The agreement to obtain letters patent might be performed within a year, and it does not appear by this bill that all the efforts required of either party, to make the invention available and remunerative for the common benefit, might not also be exerted within that time. As it does not appear that the contract could not be performed within a year, it does not fall within the statute of frauds. Blake v. Cole, 22 Pick. 97. Doyle v. Dixon, 97 Mass. 208. Browne on St. Frauds, §§ 272-282. It may be doubted whether the case of Packet Co. v. Sickles, 5 Wall. 580, cited by the defendant, in which an oral contract to pay, for a right to use an invention on a certain steamboat, so much a year during the term of a patent having twelve years yet to run, “if the said boat should last so long,” was held to be within the statute, can be reconciled with the general current of authority in this Commonwealth and elsewhere; but it is quite unlike this case, in which it does not appear that the parties contemplated that the time for the performance of their contract should exceed a year.
Under the Revised Statutes, indeed, the equity jurisdiction of this court to decree specific performance was confined to written contracts. Rev. Sts. c. 74, § 8; c. 81, § 8. But by the St. of 1857, c. 214, the Legislature conferred upon this court “ full equity jurisdiction, according to the usage and practice of courts of chancery, in all cases where there is not a full, adequate and complete remedy at law.” The reenactment of this statute in the Gen. Sts. c. 113, § 2, is not to be limited in effect by reason of its being accompanied by a reenactment of the more restricted provisions of the Revised Statutes and of the successive statutes by which our equity jurisdiction had been from time to time extended.
3. The oral agreement of the parties, alleged in the bill, that the invention and all letters patent which should be granted therefor should be their joint property, in proportions specified, stands upon the same ground as if it had been in writing. Such an agreement, though made before the issue of a patent, is valid, and capable of being enforced in equity by compelling an assignment, an account and such other relief as the circumstances of the case may require. Herbert v. Adams, 4 Mason, 15. Nesmith v. Calvert, 1 Woodb. & Min. 34. Clum v. Brewer, 2 Curtis, 506. Binney v. Annan, 107 Mass. 94. Although a court of equity will not ordinarily decree specific performance of an agreement to form a partnership, which may be immediately dissolved by either party, it will secure to a partner the interests in property to which by the partnership agreement he is entitled.

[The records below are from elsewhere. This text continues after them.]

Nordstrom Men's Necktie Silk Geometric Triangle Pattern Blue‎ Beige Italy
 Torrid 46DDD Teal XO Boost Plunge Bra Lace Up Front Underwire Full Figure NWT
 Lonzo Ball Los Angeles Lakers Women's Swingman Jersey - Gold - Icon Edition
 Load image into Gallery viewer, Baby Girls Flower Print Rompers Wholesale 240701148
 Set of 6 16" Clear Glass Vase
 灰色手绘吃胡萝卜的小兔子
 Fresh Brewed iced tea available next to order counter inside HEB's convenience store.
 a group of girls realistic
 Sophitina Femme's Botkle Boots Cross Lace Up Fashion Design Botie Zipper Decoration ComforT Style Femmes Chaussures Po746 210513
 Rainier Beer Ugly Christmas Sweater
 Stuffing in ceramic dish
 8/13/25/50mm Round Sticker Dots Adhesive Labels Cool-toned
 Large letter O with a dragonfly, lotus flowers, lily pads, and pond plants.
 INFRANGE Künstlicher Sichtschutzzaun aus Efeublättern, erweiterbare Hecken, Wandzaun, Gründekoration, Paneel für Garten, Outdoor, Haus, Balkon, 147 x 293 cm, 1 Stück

The bill sufficiently alleges that the plaintiffs performed the agreement on their part, and that the profits received before the issue of the patent were duly divided between the parties. It is not alleged, and is not to be presumed, that the plaintiffs have received any profits, for which they are bound to account, since the defendant procured the patent to be issued in his own name alone.
For these reasons, none of the causes of demurrer assigned afford any ground for refusing to entertain jurisdiction of the bill. The objection of loches was not taken in the demurrer filed, nor assigned ore tenus at the hearing before a single justice. It is therefore not open to the defendant. Demurrer overruled.